ECLI:NL:CRVB:2019:2348
Centrale Raad van Beroep
- Hoger beroep
- Rechtspraak.nl
Hoger beroep inzake WIA-uitkering en schadevergoeding wegens overschrijding van de redelijke termijn
In deze zaak gaat het om een hoger beroep van appellant, die zich op 5 oktober 2012 ziek meldde met rug- en schouderklachten, en later ook heupklachten. Appellant heeft een aanvraag ingediend voor een uitkering op grond van de Wet werk en inkomen naar arbeidsvermogen (Wet WIA). De verzekeringsarts heeft appellant als verminderd belastbaar geacht voor rugbelastende arbeid, wat resulteerde in een Functionele Mogelijkhedenlijst (FML) van 16 januari 2015. Het Uitvoeringsinstituut werknemersverzekeringen (Uwv) heeft vastgesteld dat appellant met ingang van 3 oktober 2014 geen recht heeft op een WIA-uitkering omdat hij minder dan 35% arbeidsongeschikt is. Dit besluit werd door appellant bestreden, maar het Uwv verklaarde het bezwaar ongegrond.
De rechtbank Amsterdam heeft in de aangevallen uitspraak het beroep van appellant tegen het bestreden besluit gegrond verklaard, maar de rechtsgevolgen van dat besluit in stand gelaten. Appellant ging in hoger beroep, waarbij hij grotendeels dezelfde gronden aanvoerde als in de eerdere procedure. Hij vroeg ook om schadevergoeding wegens overschrijding van de redelijke termijn. De Raad voor de Rechtspraak heeft de aangevallen uitspraak bevestigd, met de overweging dat de rechtbank de gronden van appellant afdoende had besproken en dat de belastbaarheid van appellant in de geselecteerde functies niet werd overschreden. Het verzoek om schadevergoeding werd afgewezen, maar de Staat werd veroordeeld tot betaling van € 500,- aan appellant wegens overschrijding van de redelijke termijn.

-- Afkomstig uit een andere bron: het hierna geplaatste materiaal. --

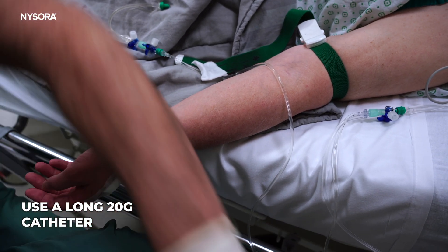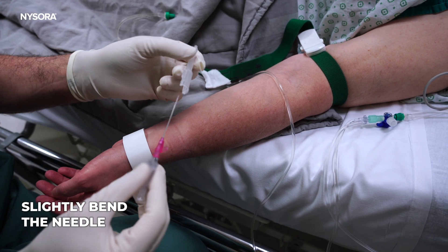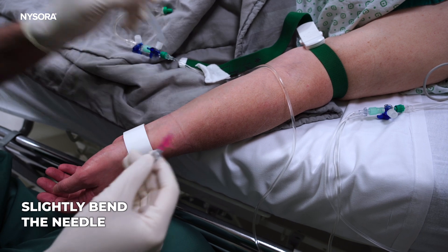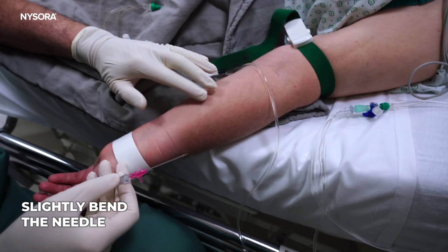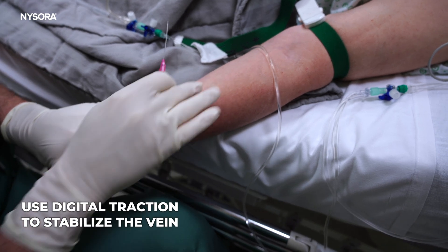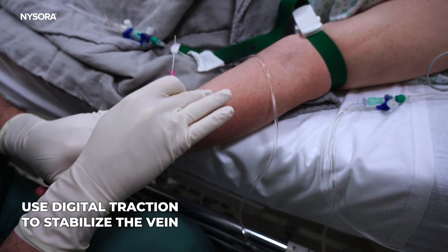We're going to take a longer catheter and we're going to also slightly bend it, which would allow us to lift the needle tip up as necessary. I'm palpating the vein and I'm going to fix the vein with a little digital traction here.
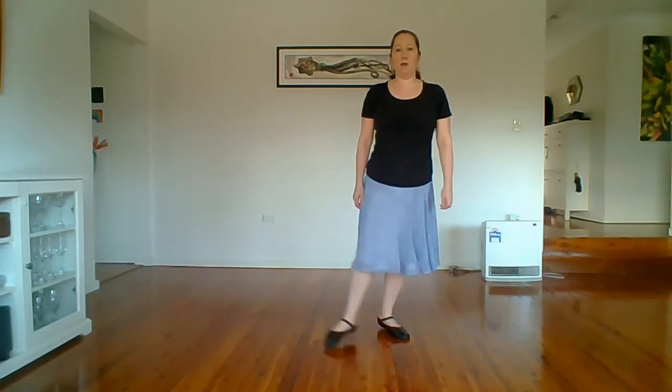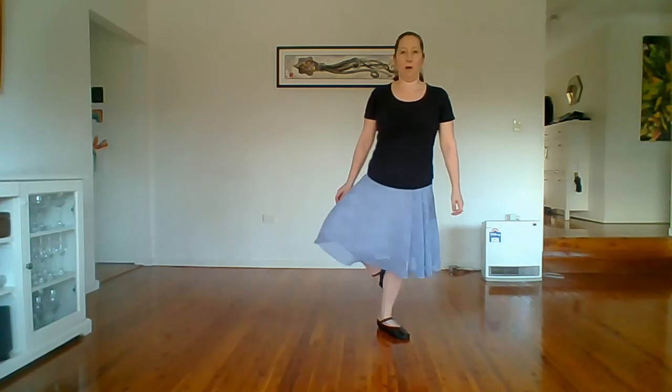And then other foot: side, behind, in front, behind, pas de basque, point, point.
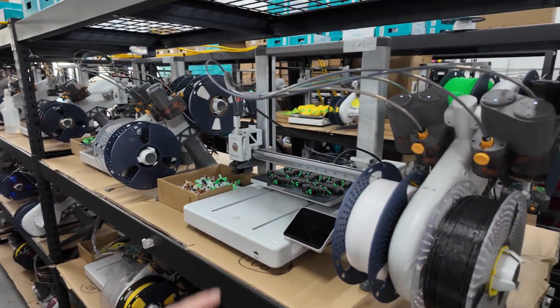Alright guys, that's going to do it for this video. Let me know what you think in the comments below — maybe you prefer a different Bambu Lab 3D printer for your print farm, let me know why. Or let me know why you think the Bambu Lab A1 Combo is the best printer for a print farm environment, or why it's not. I'll see you guys in the next video.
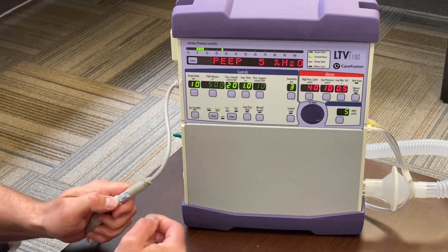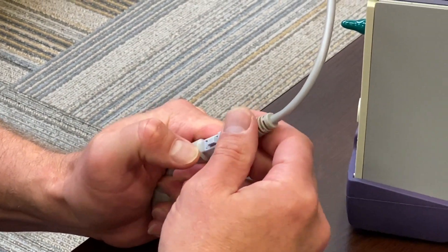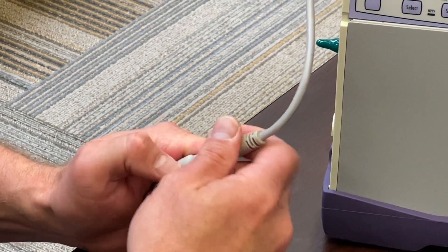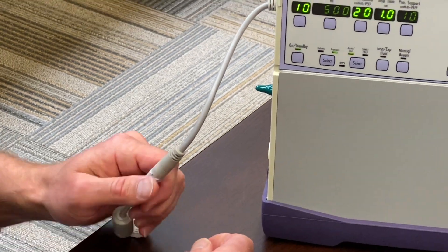On the power supply cord there is a button that has to be pressed when removing or plugging it in. If you ever accidentally force this out and break this piece, it will no longer stay plugged in and you will constantly have power failures.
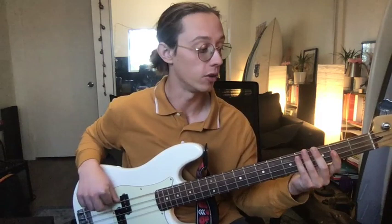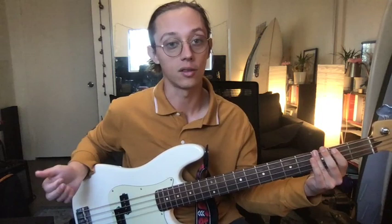Side note: I like to pick all of my walking bass lines with my thumb. I find that it's just a more consistent sound, but if you feel like doing it with your fingers — more classic style — nothing wrong with that.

De Raad concludeert dat de procedure in drie instanties niet langer dan vier jaar had mogen duren, maar dat deze in totaal vier jaar en vier maanden heeft geduurd, wat leidt tot een overschrijding van de redelijke termijn. De proceskosten van appellant in hoger beroep werden begroot op € 256,-, die ook door de Staat moeten worden vergoed.